*** Material provided

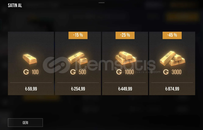 300 GOLD 132 TL 300 GOLD 132 TL
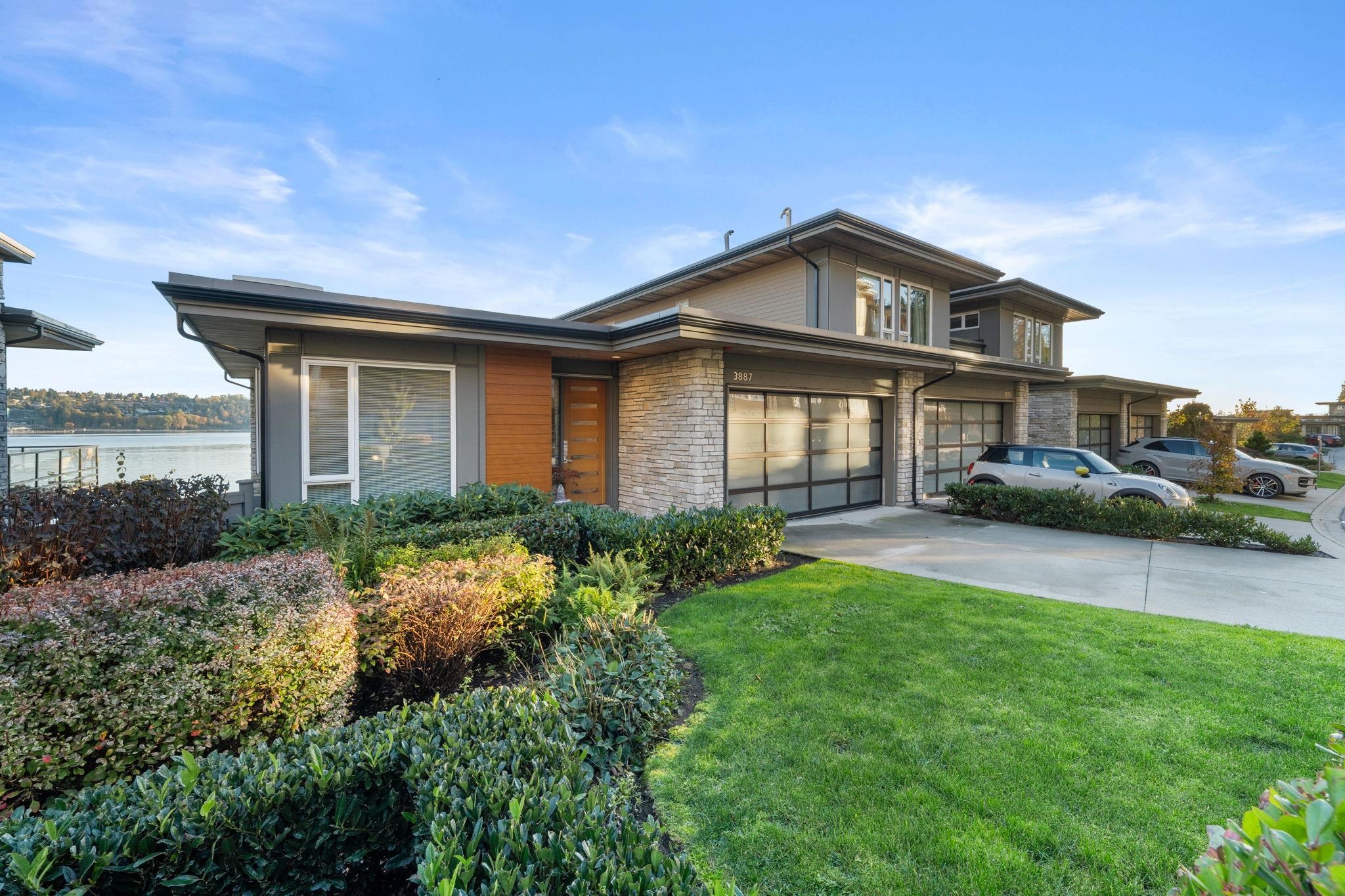 3887 CATES LANDING WAY, North Vancouver BC V7G 0A6, R3062852, BC,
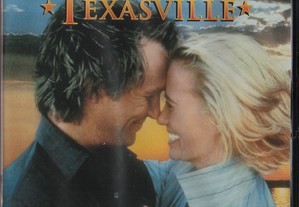 Dvd Texasville - drama - Jeff Bridges/Cybil Shepherd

******

Your goal:
Make an exact reproduction of the listing above, without any pictures.

Output:
 300 GOLD 132 TL 300 GOLD 132 TL
 3887 CATES LANDING WAY, North Vancouver BC V7G 0A6, R3062852, BC,
 Dvd Texasville - drama - Jeff Bridges/Cybil Shepherd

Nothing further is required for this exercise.